The Safety 1st RIVA Travel System, made from recycled resin and car seats, will be assembled at Dorel’s car seat manufacturing facility in Columbus, Ind., hometown of U.S. Vice-President Mike Pence.
About 50 jobs have been created in the process.
Dorel said it believes the strollers, which will sell exclusively at U.S. Walmart stores, are the only ones in the industry currently assembled in the United States.
The decision to market a U.S.-made stroller comes as President Donald Trump pushes for the repatriation of jobs from Asia.
The company moved stroller production a number of years ago to China, where lower production costs allowed it to remain competitive with rival manufacturers.
Making a stroller in the United States has always been a challenge given higher production costs than in Asia, said Dorel’s chief financial officer Jeffrey Schwartz.
“I don’t think we could be competitive with metal or aluminum like all the other strollers that you see, so it had to be something different,” he said in an interview.

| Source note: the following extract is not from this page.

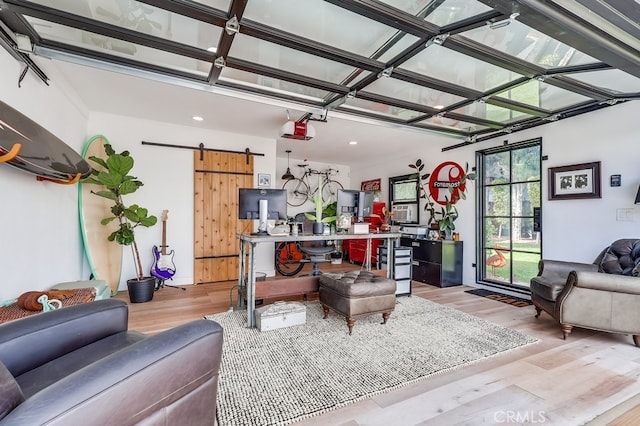 living room with a barn door and light hardwood / wood-style floors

“An all-plastic one seemed to make sense and then once we did all plastic, it could be recycled.”
The device also fits with Walmart’s “Made-in-America” initiative, a US$250-billion program it says will create one million new jobs, including about 250,000 direct manufacturing positions, Schwartz added.
“They wanted the ‘Made-in-America’ and we said we could also get a green angle to this and use up some of the used plastic.”
Walmart said the system “gives parents a new quality, eco-friendly option that supports American jobs.”
“Our customers have told us that second to price, where products are made influences their purchase decisions,” stated Cindi Marsiglio, Walmart’s vice-president of U.S. manufacturing.
Like other manufacturers of children's products, Dorel has been caught up in the liquidation of Toys “R” Us in the United States.
It took a US$12.5-million charge in the first quarter that reduced the company’s profitability.
Dorel CEO Martin Schwartz said he expects sales from the toy-and-baby goods chain will be picked up by other mass retailers, particularly Target, along with Walmart, Buy Buy Baby Inc.
“It started already. We’ve seen some of the product already migrating to some other retailers,” he said.
Toys “R” Us accounted for about three per cent of Dorel sales.
Schwartz said the transfer of kids’ bike sales will take a little longer.
He said the industry was surprised by the sudden decision to close stores in the U.S. because the chain supposedly had received financing after declaring Chapter 11 bankruptcy.
“We redid our terms with them and everybody was ready to help them in survival mode and all of a sudden they announced they were closing up.”
Schwartz said the Sears closure in Canada has had no impact on Dorel, but it has been very cautious about the future of Sears U.S. and its discount Kmart banner.